Dans les PECO comme ailleurs, plus les résistances de l’ancienne économie socialiste diminuent, plus la pénétration des capitaux privés étrangers au détriment des financements publics locaux s‘accroît, et plus facilement l’avancée occidentale – et principalement allemande – peut se transformer en une progression de type capillaire moins immédiatement visible…
Dans son mémoire de maîtrise (2007), Julie Lécuyer écrit :
« Les grands groupes allemands cherchent aussi à créer des implantations en de nombreux points complémentaires, ce qui rend les investissements moins onéreux et tend à diminuer les coûts de transaction avec les partenaires industriels locaux. Allianz cite ainsi la présence de Deutsche Telekom qui installe majoritairement des produits Siemens comme un élément favorable à la présence du groupe dans cette région. » (Idem, page 115)
Mais il paraît que les banques allemandes ne sont pas en reste dans ce type de manœuvre qui ne peut manquer d’aider au ramassage des informations en tout genre…
« C’est ce que l’on appelle un « effet-cascade » ou d’entraînement que l’on retrouve particulièrement dans le domaine des services : les firmes allemandes de services accompagnent leurs partenaires industriels dans les PECO, par exemple les banques, telles que la Westdeutsche Landesbank, la Bayerische Hypobank et la Dresdner Bank. » (Idem, page 115)
Ceci est évidemment la moindre des choses… Passons maintenant – après ceux qui concernaient l’appropriation privée des instruments de production des PECO par l’impérialisme allemand tout spécialement – aux bénéfices à tirer de la localisation des entreprises sur cette ancienne terre d’obédience soviétique, c’est-à-dire à ce que Julie Lécuyer nous présente comme étant cet…
« avantage de localisation du pays d’accueil, qui inclut les coûts des facteurs aussi bien que la proximité des marchés, la structure économique et l’environnement légal, social et politique et plus spécialement, les barrières au commerce international. » (Idem, page 113)
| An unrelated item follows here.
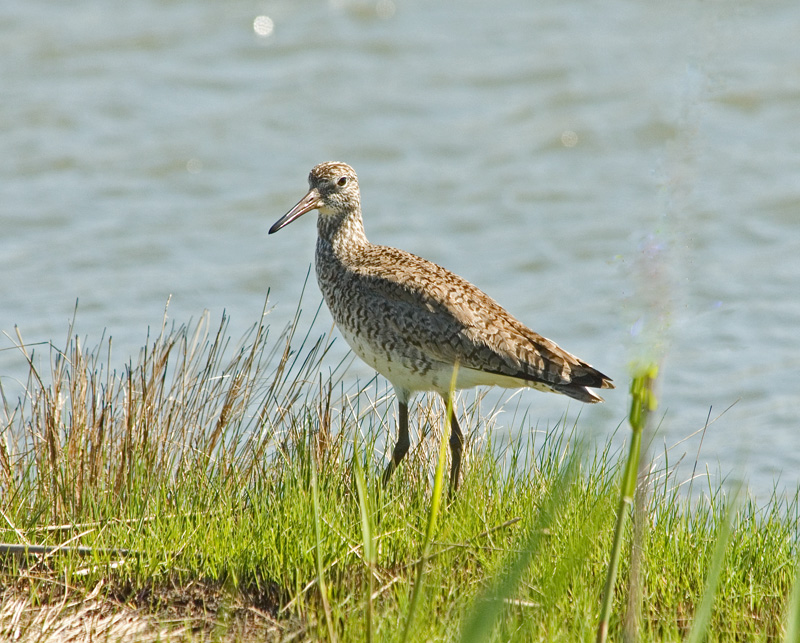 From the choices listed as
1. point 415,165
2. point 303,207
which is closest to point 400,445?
point 303,207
C’est ce que les commerçants et les investisseurs allemands auront pu trouver plus facilement dans les PECO du fait de la grande proximité géographique de l’essentiel de ceux-ci… L’éventail est en effet large et extrêmement significatif, d’autant plus qu’il s’est d’abord ouvert sur cette autre partie d’elle-même qu’était – pour la République fédérale allemande – la RDA voisine :
« Les relations liant l’ex-RDA à l’ancien bloc, l’allemand comme langue occidentale la plus couramment parlée dans les PECO, l’effet de polarisation exercé par l’Allemagne avec sa réunification, font notamment partie des facteurs historiques et culturels qui ont permis de conserver un tissu relationnel avec les PECO. Ces relations ont joué un rôle essentiel dans la minimisation des coûts de transaction des FMN [firmes multinationales] allemandes c’est-à-dire, de moindres coûts d’identification des partenaires, de mise en œuvre des contrats plus rapide et des connaissances tacites de l’ancien système. » (Idem, page 116)
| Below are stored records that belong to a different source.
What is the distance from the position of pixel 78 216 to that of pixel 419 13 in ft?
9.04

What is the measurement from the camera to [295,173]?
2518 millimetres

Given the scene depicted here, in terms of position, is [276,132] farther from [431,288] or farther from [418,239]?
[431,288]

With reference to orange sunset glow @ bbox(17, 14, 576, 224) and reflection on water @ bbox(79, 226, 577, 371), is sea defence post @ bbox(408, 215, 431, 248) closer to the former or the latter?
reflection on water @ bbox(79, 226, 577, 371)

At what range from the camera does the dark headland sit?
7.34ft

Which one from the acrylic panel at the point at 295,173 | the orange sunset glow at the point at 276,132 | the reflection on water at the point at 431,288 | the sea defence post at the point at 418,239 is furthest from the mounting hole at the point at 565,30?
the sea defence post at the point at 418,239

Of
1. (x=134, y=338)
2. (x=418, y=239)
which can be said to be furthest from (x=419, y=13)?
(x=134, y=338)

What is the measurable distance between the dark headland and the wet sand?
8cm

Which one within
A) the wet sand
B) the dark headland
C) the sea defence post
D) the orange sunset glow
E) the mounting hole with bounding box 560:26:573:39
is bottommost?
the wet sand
À quoi il faut ajouter ce qui peut, cette fois, attirer aussi bien tel ou tel autre membre ancien de l’Union européenne que la si proche et si bien organisée Allemagne…
« la présence de matières premières, une main-d’œuvre qualifiée, une disparité salariale intéressante, la flexibilité des législations locales sur le travail et l’ environnement, la diminution progressive des risques-pays, des incitations fiscales, un traitement préférentiel en matière de droits de douane, et la prise en compte d’autres coûts tels que l’énergie, l’eau, l’environnement, etc. » (Idem, pages 116-117)
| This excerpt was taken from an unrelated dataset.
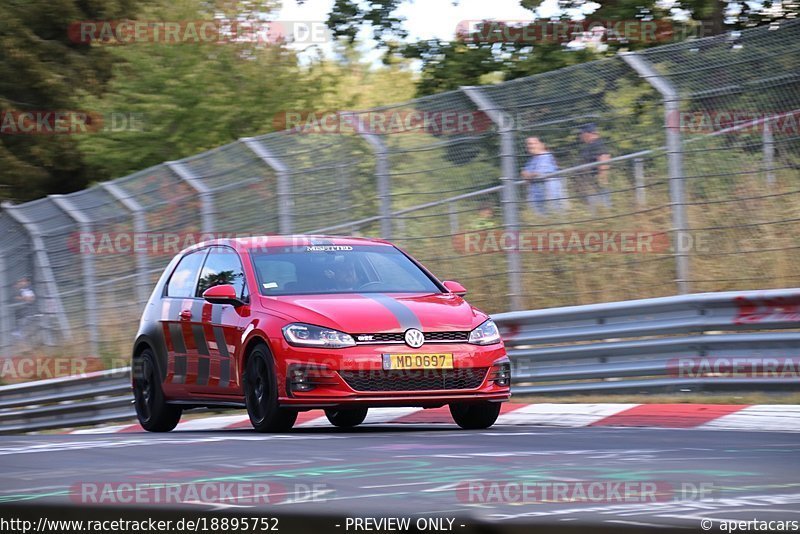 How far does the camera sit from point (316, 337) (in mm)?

On peut le constater : les PECO ont absolument tout lâché… pour se plier aux critères (allemands) de la concurrence qu’exigent aussi bien l’ordolibéralisme que l’économie sociale de marché… sans du tout avoir pu réclamer – en tant que main-d’œuvre – ce qui fait l’ordinaire des jours d’une vie vécue en Allemagne tout particulièrement.
Pire même, selon ce que Julie Lécuyer nous en dit :
« Les PECO ont été un marché sur lequel les entreprises allemandes ont pu renforcer leur avantage concurrentiel, en ce sens où, en s’implantant en Hongrie, en Pologne et en République tchèque, ses trois pays limitrophes, elles ont considéré ces pays comme étant une tête de pont vers le reste de l’Europe de l’Est. » (Idem, page 117)
Les mieux servis auront donc aidé à pénétrer chez les autres… et, certainement, en se servant un tout petit peu, au passage, sur les bénéfices recueillis à partir de cette conduite plutôt cavalière, quelle qu’en ait été la forme…, mais c’était pour se ranger sous ce qui paraît signaler tout particulièrement cette Allemagne qui aime déployer…
« une stratégie globale de présence sur les marchés internationaux, en bénéficiant d’un avantage décisif de first mover, premier investisseur. » (Idem, page 117)
À cet endroit précis, Julie Lécuyer place une de ces notes qui sont un des charmes de son mémoire…
« Cet avantage est réalisé en barrant l’accès du marché et en forçant les FMN à engager des activités à forte intensité capitalistique et technologique, comme l’ont fait Siemens et la DBP Telekom. » (Idem, note du bas de la page 117)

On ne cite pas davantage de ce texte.